● **Supplied data**
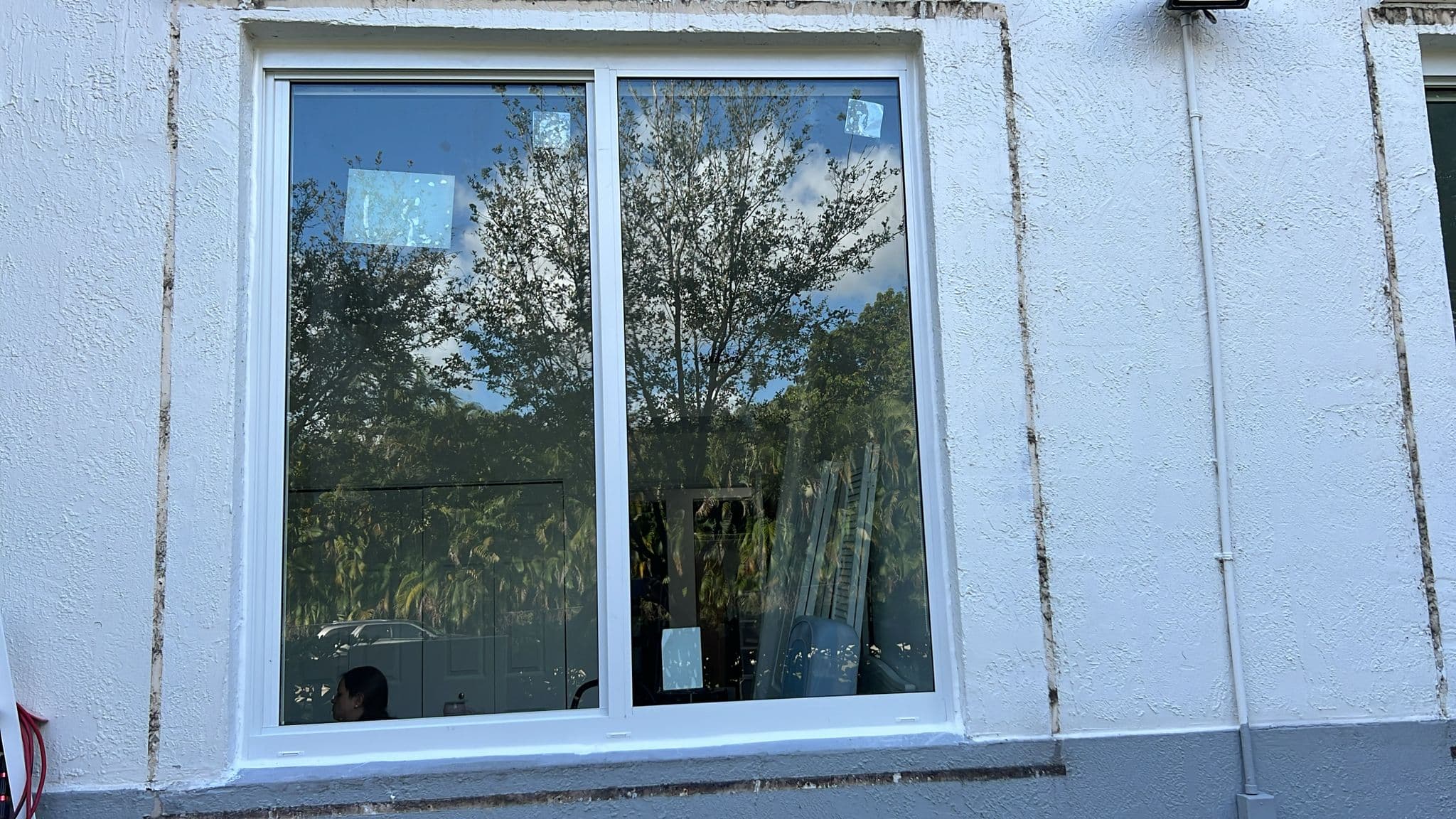 Detail photo of completed impact window installation showing frame glass and hardware quality on a Florida home project
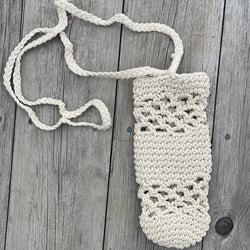 Macrame water bottle holder with long strap, laid flat on a rustic wood surface.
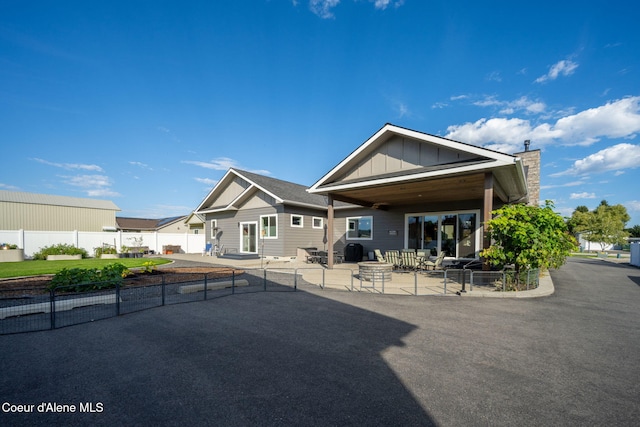 back of house featuring a patio area, board and batten siding, and a fenced backyard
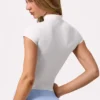 Topuri Soft Active cu fermoar pe un sfert în culoarea Milk Topuri Soft Active cu fermoar pe un sfert în culoarea Milk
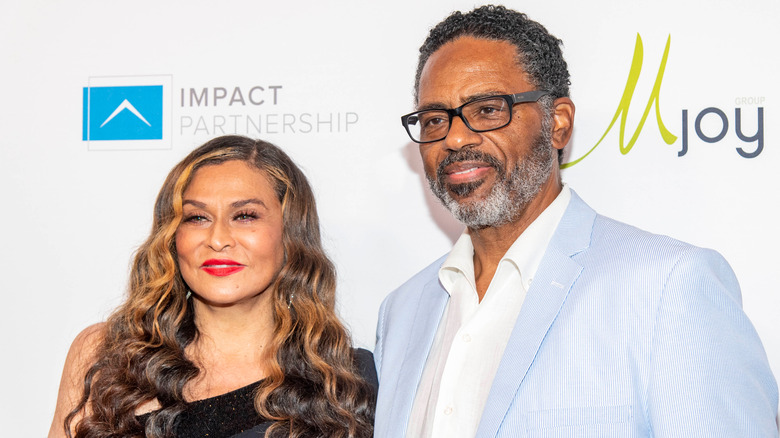 Tina Knowles and Richard Lawson pose together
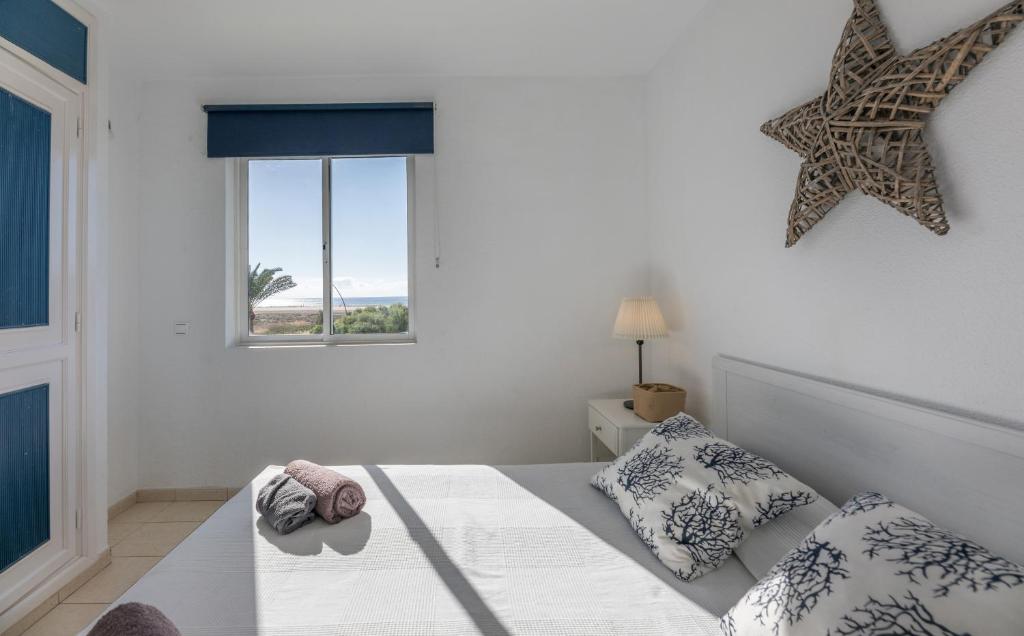 En eller flere senge i et værelse på Casa Sol de Jandía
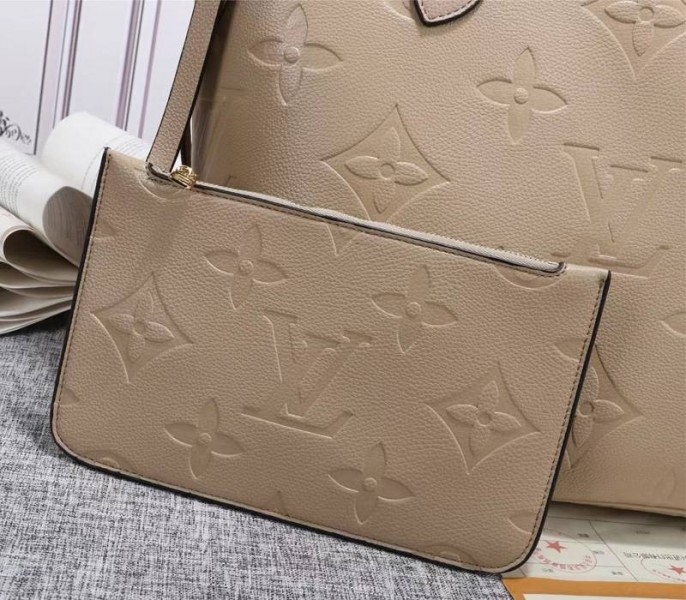 Louis Vuitton Monogram Empreinte Neverfull MM Tote In Beige angle 3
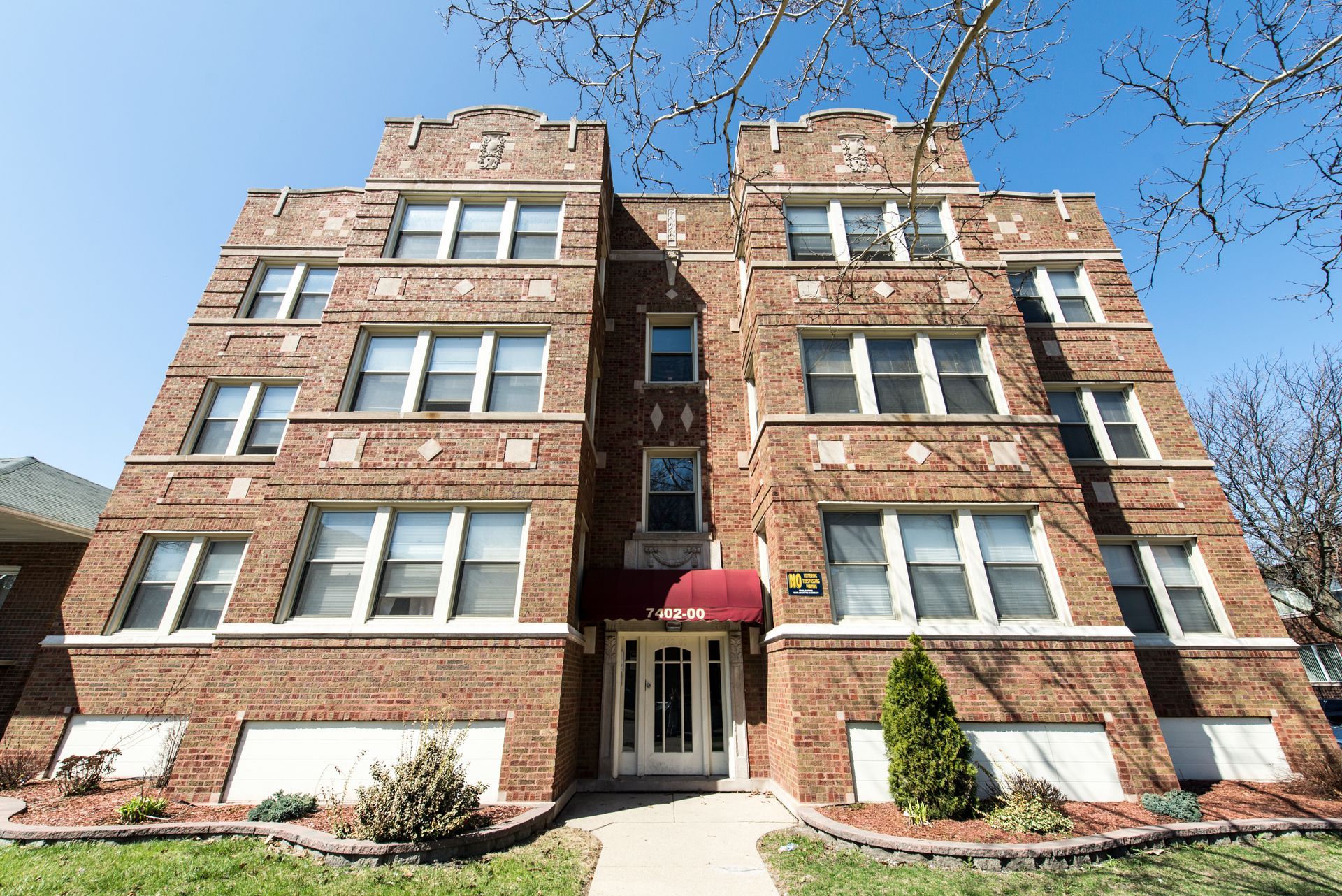 Brick apartment building with white-framed windows, red awning, and front door, under a blue sky.
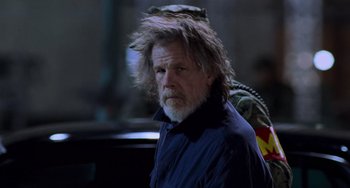 Movie still from “Hulk” (2003), directed by Ang Lee – An older man with long hair and a goatee; Close Up shot, Over the shoulder angle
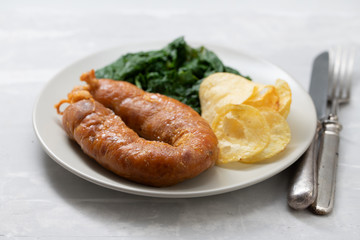 fried smoked sausage with potato chips and greens on white plate on ceramic background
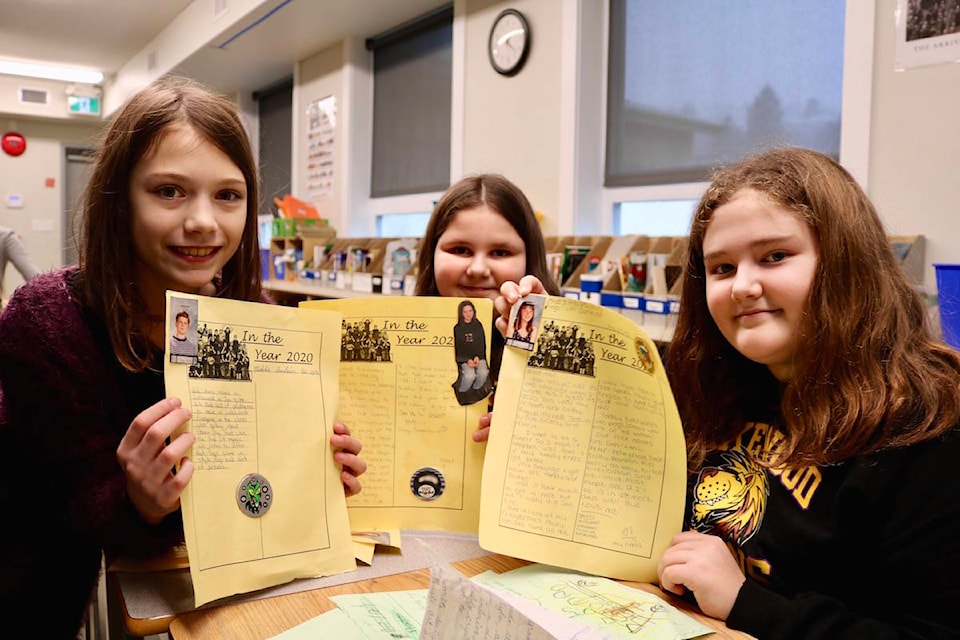 Grade 5 Lakewood Elementary students Riley Bloey (left), Serenity Vrebosch and Maddi Wall take a look at the student submissions for the 1995 time capsule. (Aaron Guillen/News Staff)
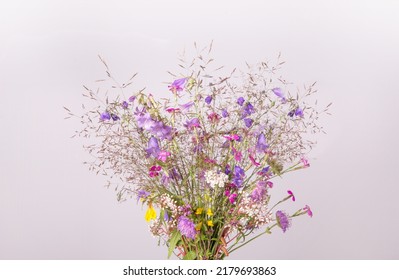 Festive bouquet of yellow and purple, blue wildflowers, herbs on gray background. Birthday, Mother's, Valentines, Women's, Wedding Day concept. - Shutterstock ID 2179693863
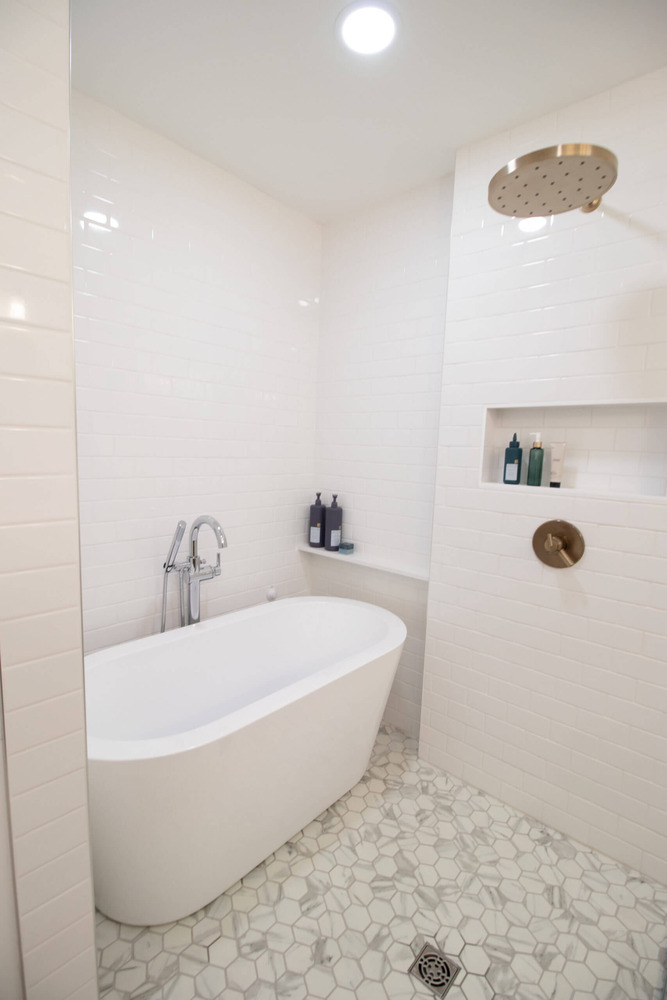 White subway tile shower with rainfall fixture and soaking tub by Odd Fellows Contracting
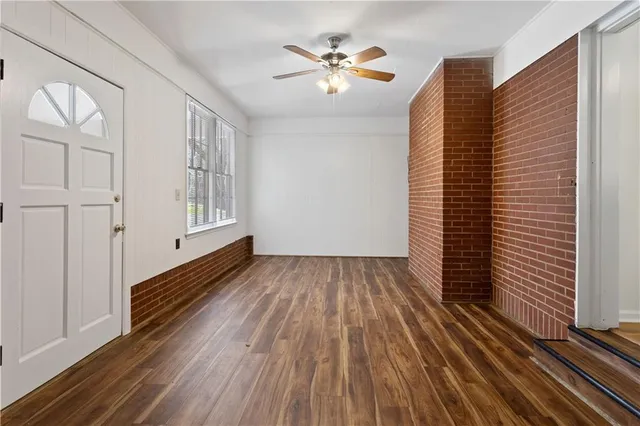 wooden floor in an empty room with a window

● **Exercise directions**
Taking the entries above, copy word for word the lines from the one with "Brick apartment building" up to and including the one with "Movie still from", without any picture.

● **Answer space**
 Brick apartment building with white-framed windows, red awning, and front door, under a blue sky.
 Movie still from “Hulk” (2003), directed by Ang Lee – An older man with long hair and a goatee; Close Up shot, Over the shoulder angle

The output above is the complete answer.